Segment Open

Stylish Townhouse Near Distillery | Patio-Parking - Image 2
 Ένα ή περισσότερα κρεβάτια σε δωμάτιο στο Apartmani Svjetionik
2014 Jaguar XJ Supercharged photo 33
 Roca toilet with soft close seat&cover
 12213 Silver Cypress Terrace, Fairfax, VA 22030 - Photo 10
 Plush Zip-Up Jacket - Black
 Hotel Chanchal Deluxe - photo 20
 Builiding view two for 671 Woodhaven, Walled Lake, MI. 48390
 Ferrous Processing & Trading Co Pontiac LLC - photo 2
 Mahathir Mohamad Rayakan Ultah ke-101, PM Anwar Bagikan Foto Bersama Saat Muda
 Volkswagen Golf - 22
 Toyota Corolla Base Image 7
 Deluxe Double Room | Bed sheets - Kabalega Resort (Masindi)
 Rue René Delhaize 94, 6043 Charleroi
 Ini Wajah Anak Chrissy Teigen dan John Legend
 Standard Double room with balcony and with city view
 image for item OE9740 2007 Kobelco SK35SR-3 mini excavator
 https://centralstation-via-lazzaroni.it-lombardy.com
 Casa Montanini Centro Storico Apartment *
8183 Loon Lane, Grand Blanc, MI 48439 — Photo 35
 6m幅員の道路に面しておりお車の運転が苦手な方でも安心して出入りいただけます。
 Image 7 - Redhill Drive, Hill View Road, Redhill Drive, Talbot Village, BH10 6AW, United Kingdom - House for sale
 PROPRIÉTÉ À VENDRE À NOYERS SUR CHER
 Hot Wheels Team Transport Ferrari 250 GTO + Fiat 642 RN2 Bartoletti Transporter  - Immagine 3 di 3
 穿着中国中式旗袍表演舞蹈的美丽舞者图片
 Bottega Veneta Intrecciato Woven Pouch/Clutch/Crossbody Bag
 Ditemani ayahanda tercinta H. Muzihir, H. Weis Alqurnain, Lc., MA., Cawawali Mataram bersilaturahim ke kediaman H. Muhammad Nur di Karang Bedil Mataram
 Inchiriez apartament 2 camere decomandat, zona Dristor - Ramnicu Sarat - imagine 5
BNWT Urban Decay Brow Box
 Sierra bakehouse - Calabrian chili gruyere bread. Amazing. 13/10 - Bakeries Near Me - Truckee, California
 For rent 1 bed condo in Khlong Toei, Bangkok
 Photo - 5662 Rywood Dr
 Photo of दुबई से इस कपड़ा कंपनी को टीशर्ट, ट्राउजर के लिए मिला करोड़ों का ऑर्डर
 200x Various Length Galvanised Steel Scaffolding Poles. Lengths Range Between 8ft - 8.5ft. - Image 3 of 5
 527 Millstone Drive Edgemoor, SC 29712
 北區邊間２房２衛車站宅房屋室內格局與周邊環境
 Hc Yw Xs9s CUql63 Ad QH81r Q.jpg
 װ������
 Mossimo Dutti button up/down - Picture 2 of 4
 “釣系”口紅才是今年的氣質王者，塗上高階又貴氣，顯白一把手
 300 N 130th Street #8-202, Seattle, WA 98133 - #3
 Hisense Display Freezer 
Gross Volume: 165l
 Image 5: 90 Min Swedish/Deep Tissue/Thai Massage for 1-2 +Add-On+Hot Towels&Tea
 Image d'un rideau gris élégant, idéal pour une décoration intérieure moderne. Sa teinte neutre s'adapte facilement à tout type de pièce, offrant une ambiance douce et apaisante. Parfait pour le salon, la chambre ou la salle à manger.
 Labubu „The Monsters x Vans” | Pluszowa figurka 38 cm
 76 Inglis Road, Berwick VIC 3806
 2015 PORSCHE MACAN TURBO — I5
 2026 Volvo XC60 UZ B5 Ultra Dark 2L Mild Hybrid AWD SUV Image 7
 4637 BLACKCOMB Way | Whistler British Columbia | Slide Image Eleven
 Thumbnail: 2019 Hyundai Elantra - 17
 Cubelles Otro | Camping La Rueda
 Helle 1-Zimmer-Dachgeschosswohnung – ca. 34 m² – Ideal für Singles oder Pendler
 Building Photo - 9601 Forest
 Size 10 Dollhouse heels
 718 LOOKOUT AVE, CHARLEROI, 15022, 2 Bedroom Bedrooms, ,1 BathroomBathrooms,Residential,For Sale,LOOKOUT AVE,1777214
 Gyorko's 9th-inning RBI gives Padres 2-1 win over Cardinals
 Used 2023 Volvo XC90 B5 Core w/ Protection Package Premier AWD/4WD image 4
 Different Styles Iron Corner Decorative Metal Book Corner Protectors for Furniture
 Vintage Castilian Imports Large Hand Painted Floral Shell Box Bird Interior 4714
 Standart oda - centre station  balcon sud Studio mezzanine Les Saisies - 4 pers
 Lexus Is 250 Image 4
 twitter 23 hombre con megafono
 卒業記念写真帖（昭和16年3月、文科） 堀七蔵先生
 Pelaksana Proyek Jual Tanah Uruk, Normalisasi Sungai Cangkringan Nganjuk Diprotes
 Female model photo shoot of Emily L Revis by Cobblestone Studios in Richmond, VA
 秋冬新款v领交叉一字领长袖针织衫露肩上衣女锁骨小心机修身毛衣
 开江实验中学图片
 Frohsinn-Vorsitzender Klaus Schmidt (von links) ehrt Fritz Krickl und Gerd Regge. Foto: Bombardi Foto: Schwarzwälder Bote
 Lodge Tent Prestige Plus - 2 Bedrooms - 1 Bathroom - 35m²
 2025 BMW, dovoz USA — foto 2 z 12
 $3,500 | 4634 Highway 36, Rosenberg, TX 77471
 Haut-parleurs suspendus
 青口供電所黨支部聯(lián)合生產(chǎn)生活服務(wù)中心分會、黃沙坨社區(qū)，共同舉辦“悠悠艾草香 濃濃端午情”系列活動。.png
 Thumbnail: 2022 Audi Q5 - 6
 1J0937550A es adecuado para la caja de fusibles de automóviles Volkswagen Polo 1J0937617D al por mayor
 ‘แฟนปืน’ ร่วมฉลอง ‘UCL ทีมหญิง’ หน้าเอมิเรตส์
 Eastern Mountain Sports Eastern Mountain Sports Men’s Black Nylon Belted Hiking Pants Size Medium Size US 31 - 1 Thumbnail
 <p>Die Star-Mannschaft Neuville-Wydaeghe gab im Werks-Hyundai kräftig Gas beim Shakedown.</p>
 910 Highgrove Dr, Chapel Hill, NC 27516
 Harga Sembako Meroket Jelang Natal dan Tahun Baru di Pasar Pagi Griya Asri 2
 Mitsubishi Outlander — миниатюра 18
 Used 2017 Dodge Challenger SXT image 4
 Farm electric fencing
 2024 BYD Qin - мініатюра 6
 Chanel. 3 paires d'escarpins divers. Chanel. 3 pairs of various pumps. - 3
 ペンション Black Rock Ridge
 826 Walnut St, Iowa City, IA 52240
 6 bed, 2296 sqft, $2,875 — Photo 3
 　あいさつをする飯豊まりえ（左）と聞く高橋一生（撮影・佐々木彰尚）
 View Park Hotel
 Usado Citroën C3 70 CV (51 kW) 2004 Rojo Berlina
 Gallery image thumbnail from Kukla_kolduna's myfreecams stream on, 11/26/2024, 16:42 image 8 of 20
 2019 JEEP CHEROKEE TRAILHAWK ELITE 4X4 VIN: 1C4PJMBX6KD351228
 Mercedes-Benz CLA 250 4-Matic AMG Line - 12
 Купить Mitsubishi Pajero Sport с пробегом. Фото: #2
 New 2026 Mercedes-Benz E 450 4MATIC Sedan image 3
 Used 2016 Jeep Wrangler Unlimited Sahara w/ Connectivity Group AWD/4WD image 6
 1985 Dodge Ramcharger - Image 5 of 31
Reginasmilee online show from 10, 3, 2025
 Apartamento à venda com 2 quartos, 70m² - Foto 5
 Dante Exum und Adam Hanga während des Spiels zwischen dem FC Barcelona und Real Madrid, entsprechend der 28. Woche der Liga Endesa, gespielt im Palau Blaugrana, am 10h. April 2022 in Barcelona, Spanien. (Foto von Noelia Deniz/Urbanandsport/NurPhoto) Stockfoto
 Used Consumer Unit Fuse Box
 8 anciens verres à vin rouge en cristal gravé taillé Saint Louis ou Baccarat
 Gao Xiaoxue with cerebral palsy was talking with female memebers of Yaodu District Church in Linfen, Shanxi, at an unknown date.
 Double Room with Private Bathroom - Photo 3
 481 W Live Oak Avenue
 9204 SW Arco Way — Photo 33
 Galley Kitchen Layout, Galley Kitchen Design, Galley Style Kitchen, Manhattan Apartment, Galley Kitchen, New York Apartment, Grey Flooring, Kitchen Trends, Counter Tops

Segment Closed

Would you copy out exactly the lines above that start at the one containing "https://centralstation-via-lazzaroni.it-lombardy.com" and end at the one containing "PROPRIÉTÉ À VENDRE À NOYERS SUR CHER", inclusive?

 https://centralstation-via-lazzaroni.it-lombardy.com
 Casa Montanini Centro Storico Apartment *
8183 Loon Lane, Grand Blanc, MI 48439 — Photo 35
 6m幅員の道路に面しておりお車の運転が苦手な方でも安心して出入りいただけます。
 Image 7 - Redhill Drive, Hill View Road, Redhill Drive, Talbot Village, BH10 6AW, United Kingdom - House for sale
 PROPRIÉTÉ À VENDRE À NOYERS SUR CHER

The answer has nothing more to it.